Lines of the listing that contain "https" need to be copied.

▸ **Record extracts**
....

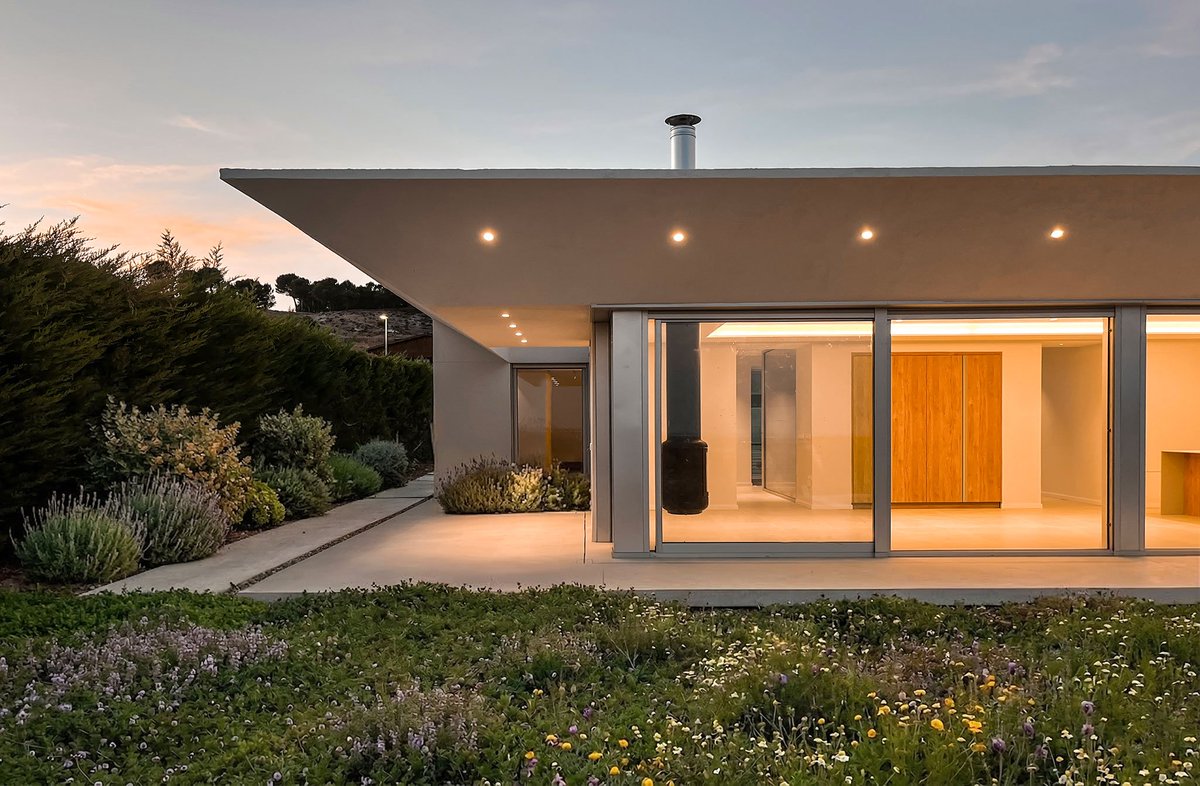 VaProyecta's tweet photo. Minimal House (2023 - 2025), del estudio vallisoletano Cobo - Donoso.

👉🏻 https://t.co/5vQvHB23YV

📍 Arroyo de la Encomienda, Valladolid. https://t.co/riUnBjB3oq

....

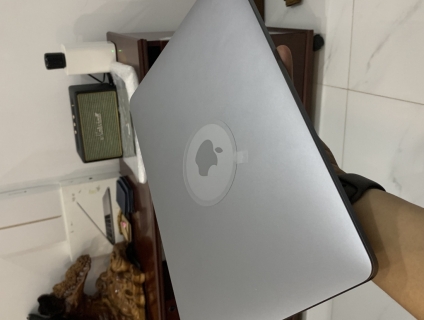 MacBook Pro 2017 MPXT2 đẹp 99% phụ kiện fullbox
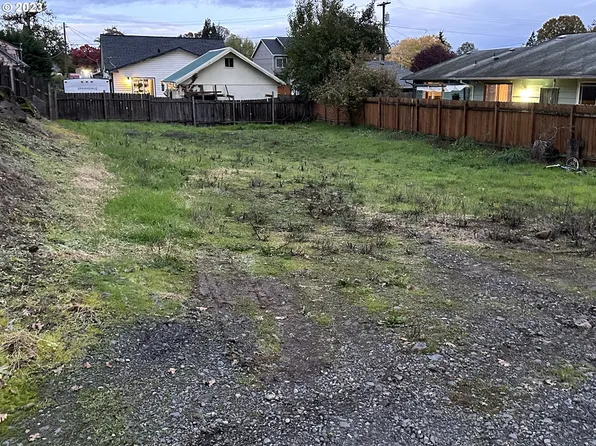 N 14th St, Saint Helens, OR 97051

....

▸ **Task solution**
👉🏻 https://t.co/5vQvHB23YV
📍 Arroyo de la Encomienda, Valladolid. https://t.co/riUnBjB3oq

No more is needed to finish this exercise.